There are a lot of ways to deploy the Jericho 4 as well as the Tomahawk 6 and Tomahawk Ultra chips in AI networks. Here are two scenarios across two interlinked datacenters:

Broadcom suggests that at the very least, for companies that want to deploy 1 million GPUs or XPUs across datacenters, they should use Tomahawk 6 in the leaf/spine network spanning racks and use Jericho 4 to interlink the datacenters, which have 250,000 GPUs or XPUs each.

The Jericho 4 can drive datacenter interconnects that are 100 kilometers or more in length. The Jericho 4 chips are using the same “Condor” Serdes used in the Tomahawk 6 switch chips, by the way. The Jericho 4 chip also sports integrated MACsec encryption (first made popular on campus networks) that can secure data at line rate as it is zipping into and out of the Jericho 4 device.

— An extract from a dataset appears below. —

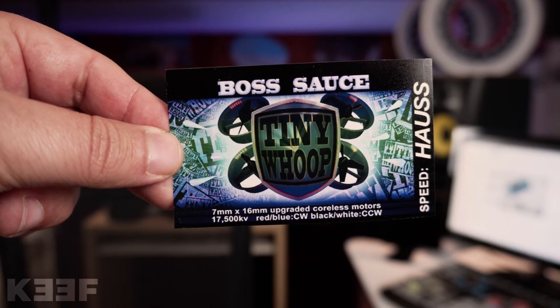Right now they're on sale for around fifteen dollars because Jesse knows the new version is coming out, so make sure you grab a pair before the price goes back to normal — or hold off until the faster version comes out. Either way, the Boss Sauce motors are definitely awesome. Thanks a lot guys.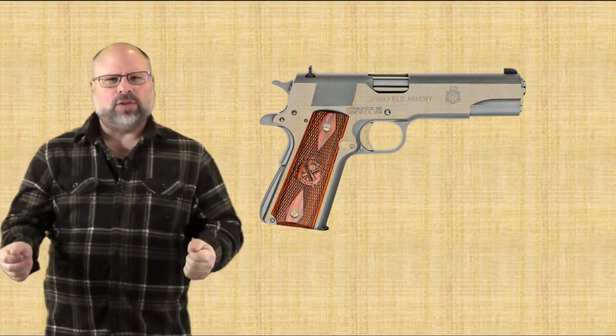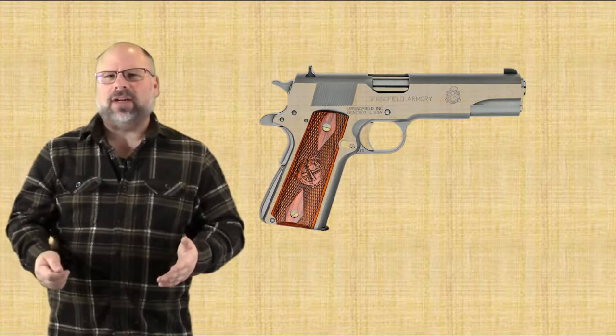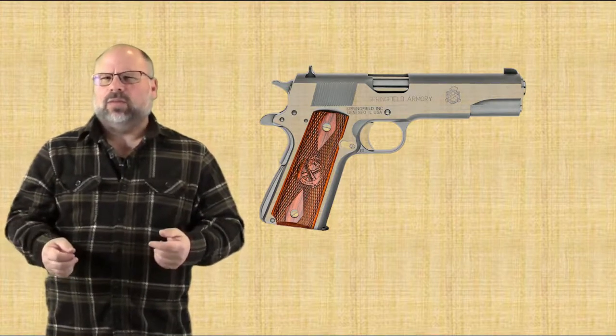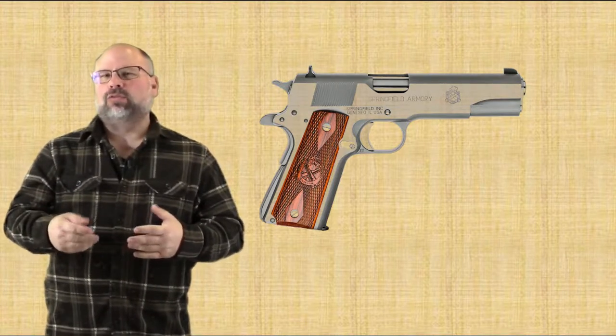Thank you for joining Craig's Gun Channel this week. This week I thought we would talk about the operation of a recoil-operated firearm. What exactly does that mean? Well, when you fire a weapon, that kick that you feel — that's what's called the recoil.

As with Tomahawk 6, it looks like there are two variants of the Jericho 4: One that uses 100 Gb/sec SerDes and one that uses 200 Gb/sec SerDes. These two SKUs allow customers to dial up the bandwidth and radix they need for their networks.

The Jericho 4 chips are sampling now and are expected to be in switches and routers in production in the first quarter of 2026, says Siraj.